Team Them to Fish, More Than a Saying


There's an old saying, usually attributed to Confucius, that goes something like "Give a man a fish, and you'll feed him for a day. Teach a man to fish, and you've fed him for a lifetime." There's an important life lesson in that simple statement. Some people translate it conceptually into something like "Education is the most important thing you can give someone to better his circumstances." For me I don’t believe this gets to the heart of the matter.

The translation I like goes something like this:

Give a man the answer, and he'll only have a temporary solution. Teach him the principles that led you to that answer, and he will be able to create his own solutions in the future.

It's considerably less catchy, of course, but I think this is the true meaning of Confucius’s statement.

Suppose someone is trained on how to create a simple graphic in Excel. No doubt he or she will be quite able to create a graphic, but they will have problems doing other things because they have not been educated about the many functionalities and applications of Excel.

Then suppose you have someone else, someone who has been educated about Excel’s full capabilities. This person understands the major concepts that underpin Excel’s functionalities and made them necessary in the first place.

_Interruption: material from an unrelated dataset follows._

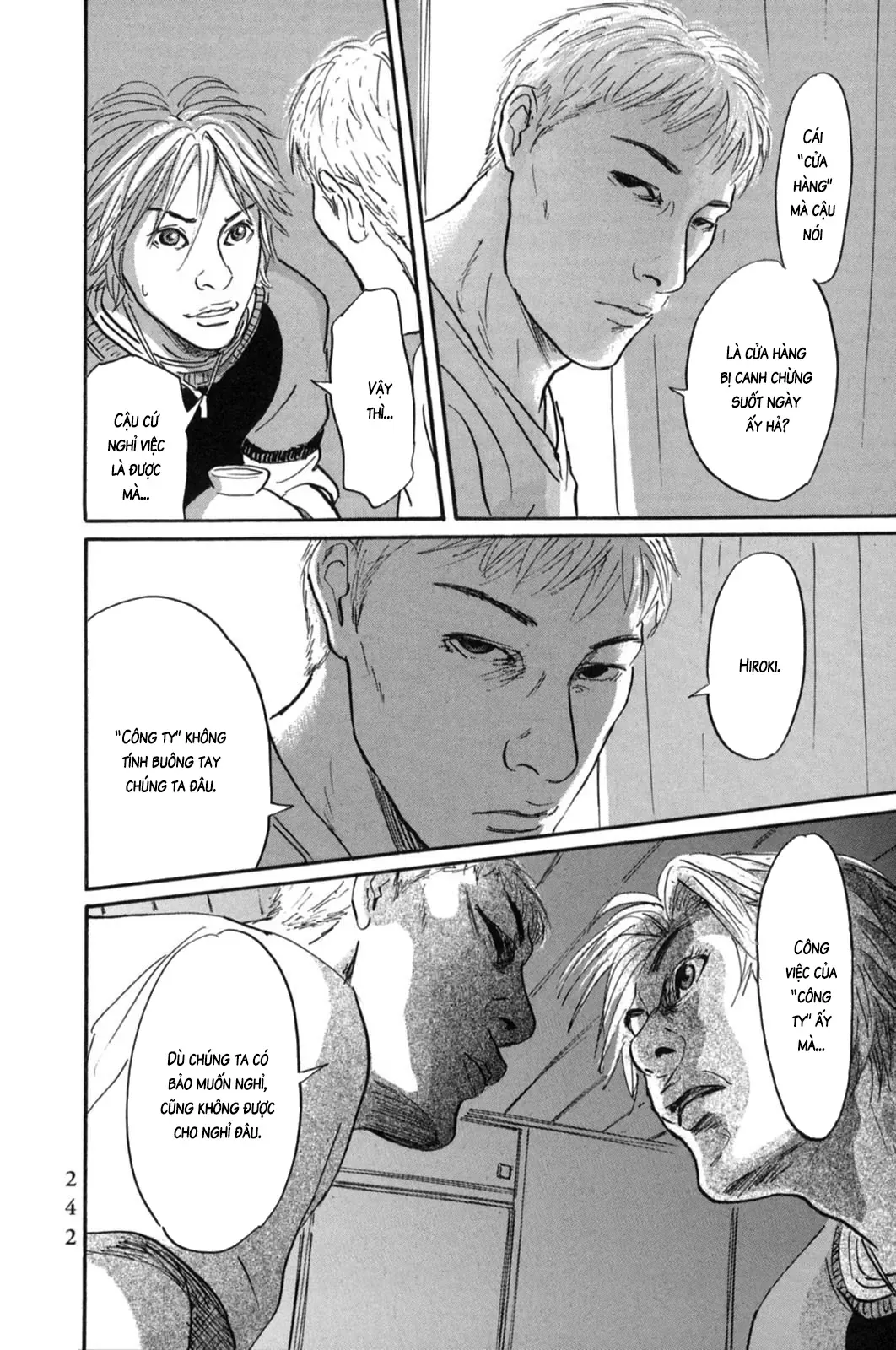 Pet (Miyake Ranjou) Chap 22 - Next Chap 21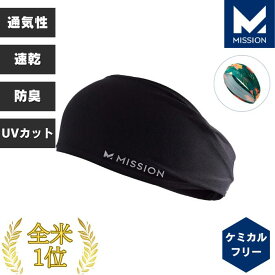 ヘッドバンド ヘアバンド 冷却 冷感 冷感タオル 熱中症 暑さ対策 ドライ 快適 蒸れ クール スポーツ テニス 釣り 登山 男女兼用 ユニセックス 軽量 フィットネス アウトドア ミッション MISSION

This second person will be able to apply their background knowledge, and compound it with creativity, to find solutions to problems they have not encountered before and they can inventively use Excel to do things they have never been trained to do.

You train someone to do something. It is task-oriented. It is skill-based. You can train someone to increase their proficiency. But in essence, you get what you put into it. A trained person may get faster, but they’re unlikely to find a truly new and better way to do something. Because training has a skill-based focus; it does not provide the depth needed for creative problem solving and innovation.

You train people for performance. You educate people for understanding.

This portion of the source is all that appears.